Today, though, the position looks different. The relaunch of the Franco-German entente under way, without or against which integration cannot advance, is beyond all doubt desirable and I would even say essential; at the same time the present Union, and still more the future one, needs a "centre of gravity" (something more than an axis, but also more than a "hard core") that is broader and better organized. It must be broader in both composition and scope, and better organized as a system: for the Schengen agreements and the creation of the common space in justice and home affairs, and especially the strengthening of common foreign and security policy (CFSP), have considerably "enlarged" the Union's areas of activity and ambitions for intervention. But the countries most interested in cooperating and integrating into these new policies (including the new defence dimension) are not always and necessarily the same, even though there are, for instance, many similarities among Euro, Schengen and WEU/NATO Members. The chief difference, though not the only one, concerns Britain, which, on Blair's initiative, has for over a year headed the European effort to arrive at an autonomous European crisis-management capacity, in military terms too - yet is outside the Euro and outside Schengen.

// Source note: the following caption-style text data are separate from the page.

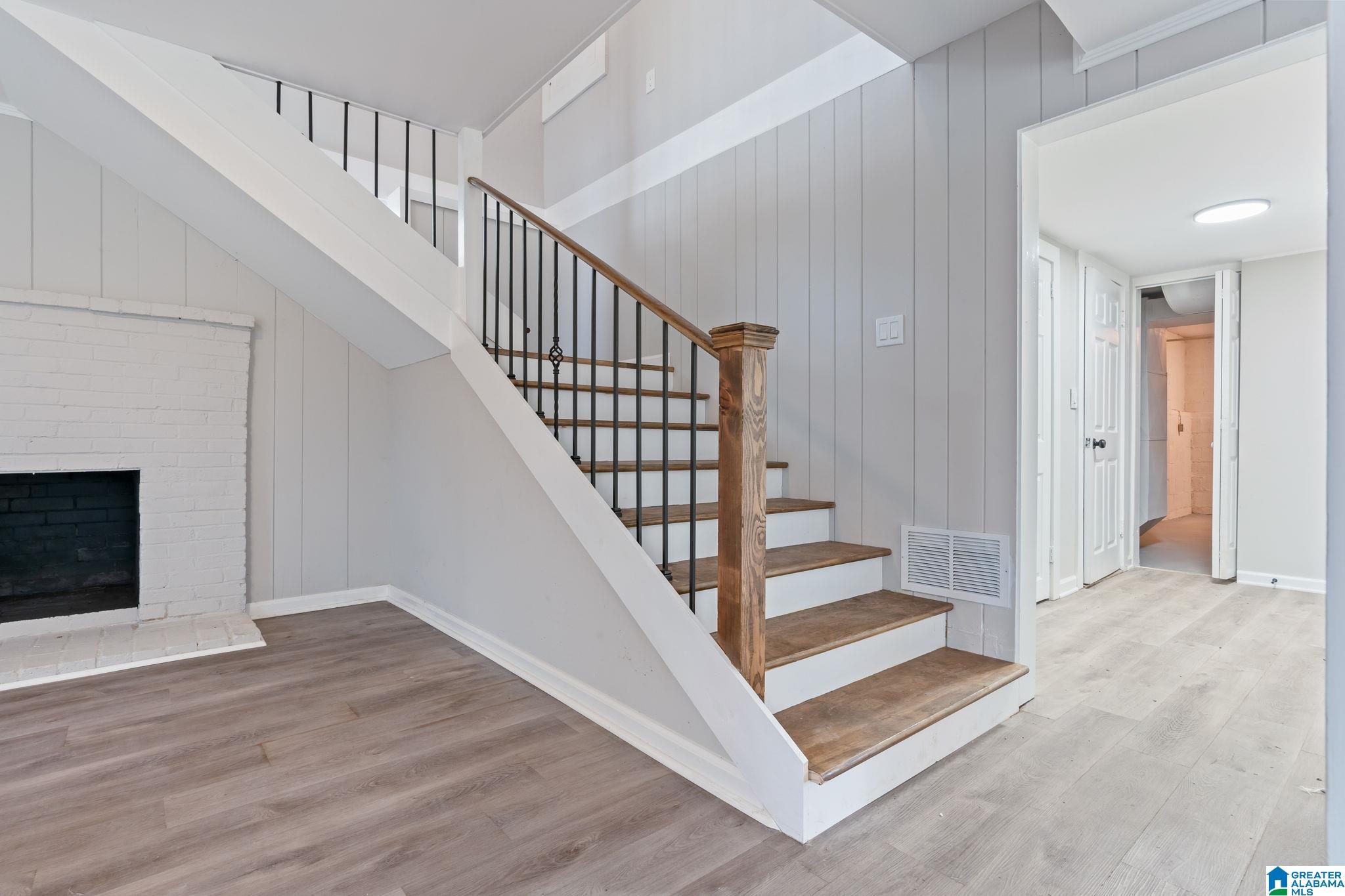 686 Ridge Top Circle Birmingham, AL 35206 - Photo 14 of 36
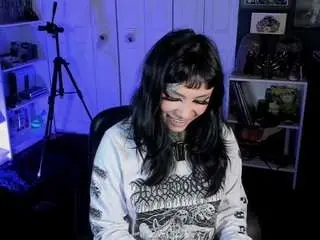 Hera-ink  live sex cam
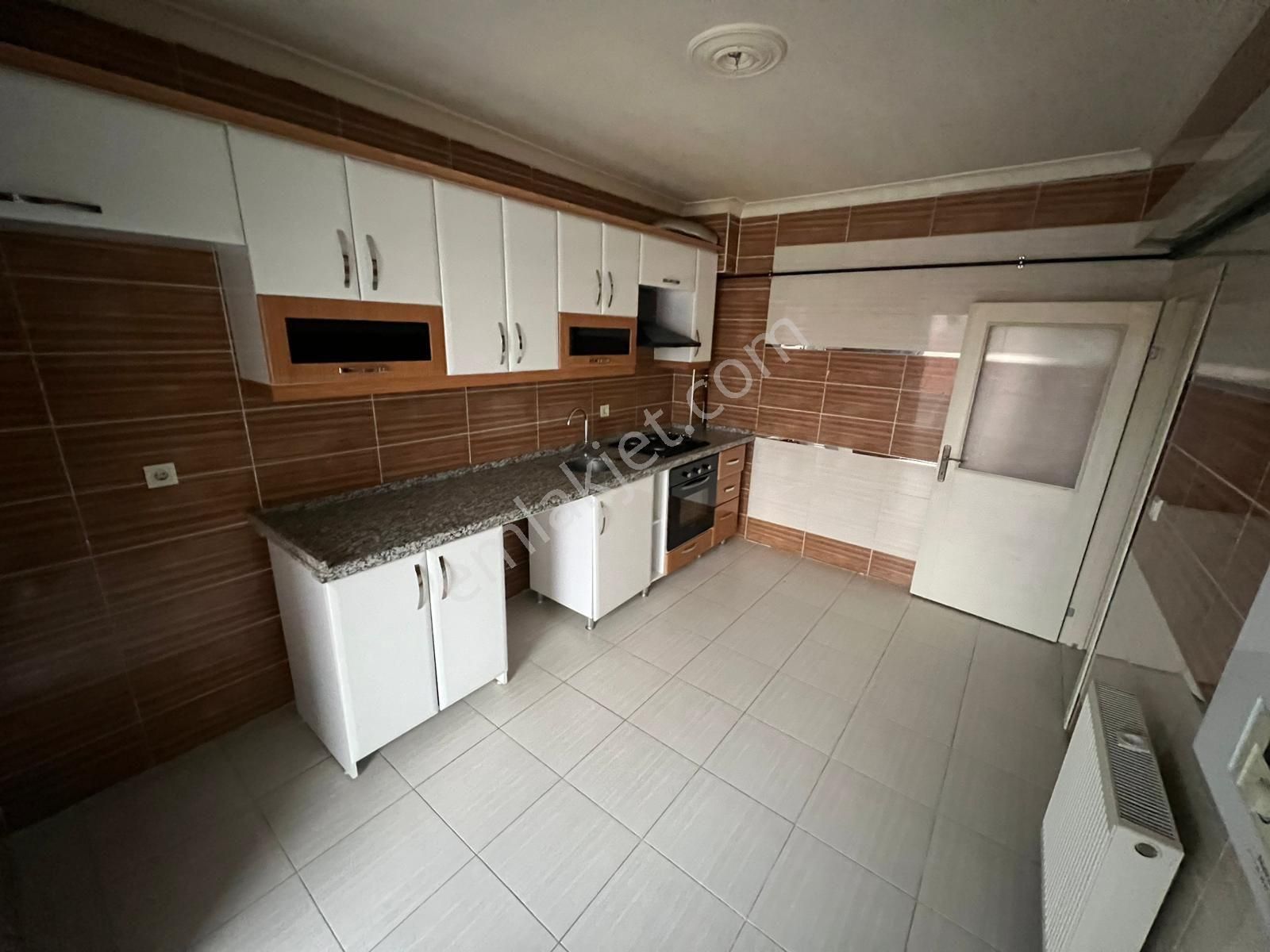 Özdemir Emlak,tan Yeşilbayır ,da Hastaneye Yürüme Mesafesi 3+1 Daire - Görsel 2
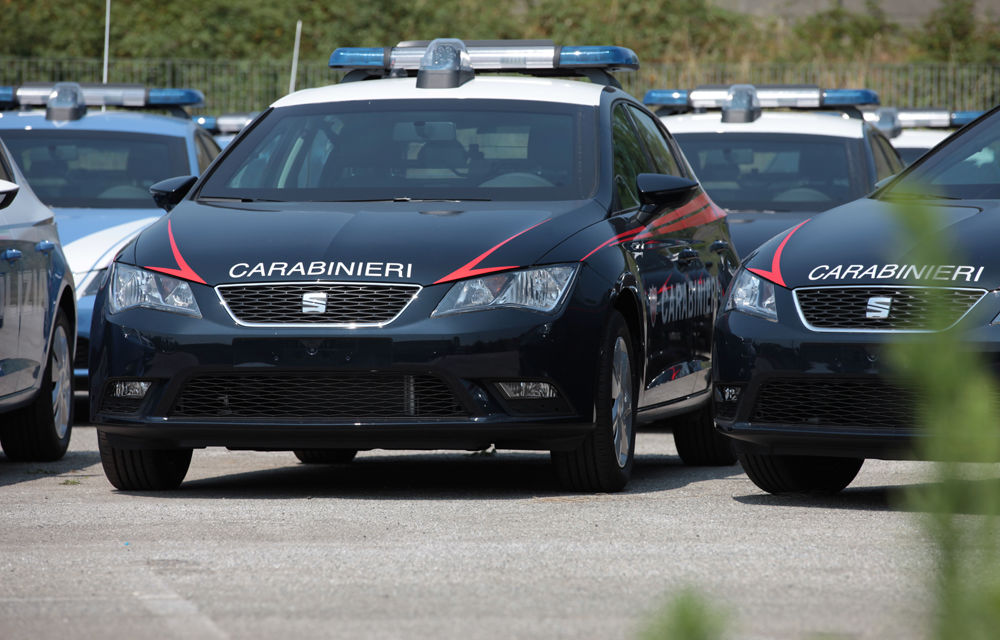 Poliția italiană trădează industria auto locală: forțele de ordine vor conduce 4000 de exemplare Seat Leon - Poza 3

One of the EU's great questions today is, rightly, "Quo vadis, Britannia?": for without Britain the possible "centre of gravity" might perhaps be more compact, but it would also be weaker politically, financially and militarily, and poorer culturally. Moreover, the "centre of gravity" we have mentioned would, in order to be credible and effective, have to be basically homogeneous and relatively uniform, in other words, bring together more or less the same countries in all the main policies.